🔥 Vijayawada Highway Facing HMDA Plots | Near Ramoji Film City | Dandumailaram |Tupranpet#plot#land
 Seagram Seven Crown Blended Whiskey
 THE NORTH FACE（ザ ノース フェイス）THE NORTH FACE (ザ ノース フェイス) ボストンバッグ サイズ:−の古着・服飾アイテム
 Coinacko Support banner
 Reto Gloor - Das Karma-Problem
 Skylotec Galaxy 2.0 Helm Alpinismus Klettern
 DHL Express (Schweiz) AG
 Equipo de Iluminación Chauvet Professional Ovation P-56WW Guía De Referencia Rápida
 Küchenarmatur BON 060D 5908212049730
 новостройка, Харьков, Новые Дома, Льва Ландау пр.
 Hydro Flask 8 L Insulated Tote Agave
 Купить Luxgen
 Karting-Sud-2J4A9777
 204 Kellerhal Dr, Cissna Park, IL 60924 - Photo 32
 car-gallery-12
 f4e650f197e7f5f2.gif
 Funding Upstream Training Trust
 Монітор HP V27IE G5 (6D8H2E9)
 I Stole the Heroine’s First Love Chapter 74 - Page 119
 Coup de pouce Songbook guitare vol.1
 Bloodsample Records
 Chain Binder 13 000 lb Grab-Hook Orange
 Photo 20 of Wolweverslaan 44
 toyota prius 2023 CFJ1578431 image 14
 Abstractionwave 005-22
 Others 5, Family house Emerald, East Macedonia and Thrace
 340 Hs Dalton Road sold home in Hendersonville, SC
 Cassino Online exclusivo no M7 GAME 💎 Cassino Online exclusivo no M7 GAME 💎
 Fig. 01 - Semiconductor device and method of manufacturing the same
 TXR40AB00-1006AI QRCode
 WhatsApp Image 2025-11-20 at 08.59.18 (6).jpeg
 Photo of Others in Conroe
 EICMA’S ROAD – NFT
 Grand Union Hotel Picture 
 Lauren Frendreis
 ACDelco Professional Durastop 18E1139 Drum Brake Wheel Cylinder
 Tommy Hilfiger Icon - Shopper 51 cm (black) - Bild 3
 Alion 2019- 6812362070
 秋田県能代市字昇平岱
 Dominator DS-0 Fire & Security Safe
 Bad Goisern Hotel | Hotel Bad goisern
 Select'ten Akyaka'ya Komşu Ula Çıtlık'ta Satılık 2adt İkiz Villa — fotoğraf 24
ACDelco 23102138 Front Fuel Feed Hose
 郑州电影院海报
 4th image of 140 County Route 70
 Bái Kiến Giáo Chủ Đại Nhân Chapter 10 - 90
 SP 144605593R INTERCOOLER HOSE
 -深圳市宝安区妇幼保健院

**What you need to do**
Start at the first line of the entries above. Set down each line exactly through the one with "Coinacko Support banner", and stop there.

**Task output**
🔥 Vijayawada Highway Facing HMDA Plots | Near Ramoji Film City | Dandumailaram |Tupranpet#plot#land
 Seagram Seven Crown Blended Whiskey
 THE NORTH FACE（ザ ノース フェイス）THE NORTH FACE (ザ ノース フェイス) ボストンバッグ サイズ:−の古着・服飾アイテム
 Coinacko Support banner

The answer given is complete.